For Spurlock, putting the Bears in the best position doesn’t involve calling plays or breaking huddles. He’s one of several players vying to replace Devin Hester. And Spurlock is “the first one at bat right now,” as special-teams coach Joe DeCamillis put it, after Eric Weems was cut.
Hester’s unceremonious departure has cast a shadow over the group.
“A lot of people are like, You’ve got to replace Hester,” Spurlock said. “That’s where the problem lies. Everybody wants you to replace him. You’re not going to replace him. The guy is probably a Hall of Fame kick returner.”
Rule changes have diminished the overall value of returners, but a competent one can’t hurt. Hester provided coach Marc Trestman’s offense with good field position at times last season, averaging 27.6 yards on kick returns (sixth-best in the NFL) and 14.2 yards on punts (third-best).
The Bears’ competition to find a Hester successor has been a revolving door:
† Domenik Hixon, a veteran with 136 returns in his career, tore his anterior cruciate ligament during organized team activities.
† Weems, a Pro Bowl returner with the Falcons in 2010, didn’t impress in two preseason games and was released.
† Chris Williams, the intriguing speedster from the Canadian Football League, has resumed practicing after a minor hamstring injury cost him return opportunities this preseason. “I feel OK, working back day by day,” he said.
† Wide receiver Santonio Holmes was signed Saturday and was returning punts in practice Monday. “We’re just trying to find as much value in him as we can,” Trestman said.
† Darius Reynaud, who has returned 206 punts and kicks over six seasons, was signed Monday night and practiced Tuesday. “I still got a lot to show,” he said. “Whenever my opportunity comes up, I have to take it and run with it.”
The rest of the Bears’ specialists have been settled.
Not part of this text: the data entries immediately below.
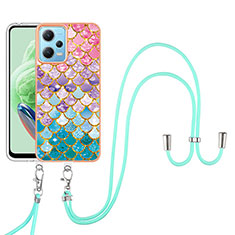 Silicone Candy Rubber Gel Fashionable Pattern Soft Case Cover with Lanyard Strap YB3 for Xiaomi Poco X5 5G Colorful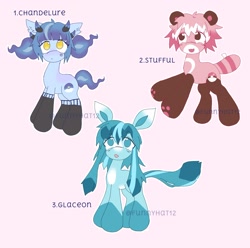 Size: 2048x2033 | Tagged: safe, artist:funnyhat12, oc, oc only, earth pony, pony, adoptable, clothes, fusion, high res, pokémon, simple background, socks, trio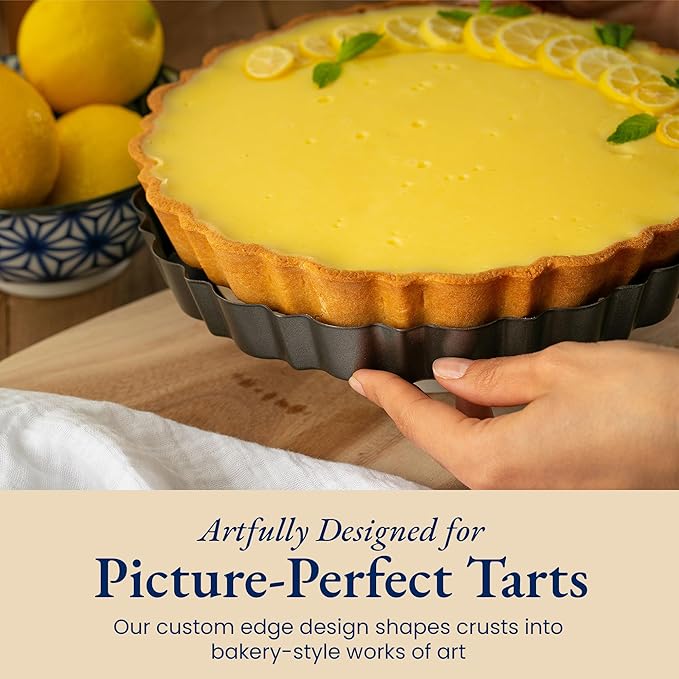 Patz&Patz Fluted Tart Pan 9 Inch Removable Bottom with Patented Silicone Crust Shaper | Nonstick Carbon Steel Quiche Baking Dish, Fruit Tart Molds for Baking, Quiche Pan & Pie Mold - PFOA & PTFE-Free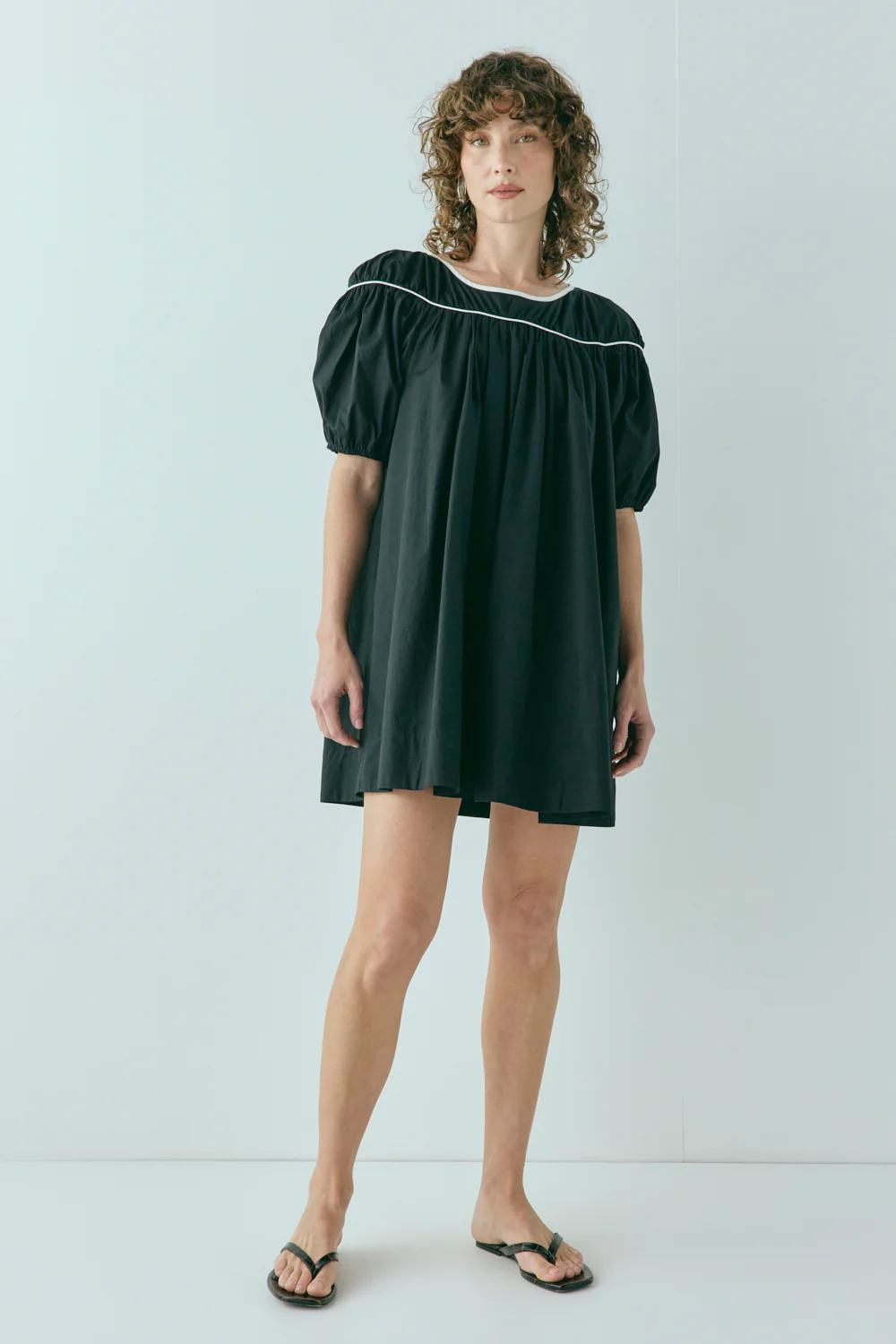 Leila Smock Mini Dress Black - Image 3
Rookie punter Pat O’Donnell and long snapper Brandon Hartson have won their competitions, and their work with kicker Robbie Gould has increased.
But the competition at returner, which also features running back Michael Ford and wide receiver Armanti Edwards, continues.
“It’s just making plays,” Williams said. “That’s the name of the game.”
“I just try to make sure my worst day is still a good day,” Spurlock said.
If healthy, Williams appears to be first in line to challenge Spurlock, the former quarterback at Ole Miss who’s with his ninth team as a returner/receiver since 2006.
Spurlock has five punt returns for nine yards and one 19-yard kickoff return in two preseason games.
“Devin is Devin; you can’t ever really replace a guy like that,” Williams said. “But there is a job to do here, and somebody is going to step up and take that job, and somebody is going to do real well once they get it.”